La seconde rencontre décisive fut celle du linguiste russe Roman Jakobson, lui aussi intellectuel juif exilé à New York. Jakobson a montré que toutes les langues ont des structures communes : comme les cultures, chacune est différente mais toutes doivent résoudre les mêmes problèmes de communication. Lévi-Strauss emprunta à Jakobson ce concept de « structure invariable » et l’appliqua à la culture. C’est ainsi qu’est né le structuralisme de Lévi-Strauss, selon lequel tous les rituels dans toutes les cultures partagent une même structure. Avec cet outil systémique, Lévi-Strauss passera le reste de sa vie à révéler les structures sous-jacentes cachées derrière des rites et des habitudes en apparence mystérieux, énigmatiques, mythologiques. Cela lui évitera les voyages inconfortables dans des contrées lointaines. Il préférait rester chez lui et analyser les découvertes ethnographiques que lui ramenaient explorateurs et anthropologues. « Ils sont heureux de passer un an dans un pays exotique et moi je suis heureux de rester à Paris, à écrire dans mon « laboratoire » en écoutant de la musique classique », me disait-il.
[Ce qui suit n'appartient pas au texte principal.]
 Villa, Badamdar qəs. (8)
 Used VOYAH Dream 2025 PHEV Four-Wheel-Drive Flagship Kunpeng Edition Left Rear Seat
Le structuralisme de Lévi-Strauss est critiqué depuis les années 1960, généralement dans une perspective marxiste et existentialiste. On a reproché au structuralisme d’ignorer les changements sociaux et les luttes sociales. Lévi-Strauss ne cacha jamais qu’il était conservateur (certains préféreront ne pas l’entendre). Toute sa vie, avec un humour grinçant, il défendit ses mentors initiaux de New York et la théorie structuraliste. « Les nouveaux anthropologues américains » , dont Clifford Geertz était le mentor, me disait-il, « se comportent comme des auteurs de fiction, des romanciers et non des scientifiques : ils voyagent dans des pays exotiques, ils racontent ce qu’ils ont vu mais ils ne comprennent pas. Ils n’ont aucune rigueur scientifique ». « Le structuralisme », disait-il , « est comme une loupe : sans elle, vous n’y voyez pas clair. Avec une loupe, beaucoup de choses que vous n’auriez pas vues apparaissent. Cependant, vous ne devez jamais oublier comme votre loupe est imparfaite ! »
Léevi-Strauss était-il le scientifique distant qu’il semblait être ? Pas vraiment. Il était étrangement passionné de politique et se réjouissait toujours de la victoire des partis de droite aux élections, que cela soit en France ou dans son cher New York.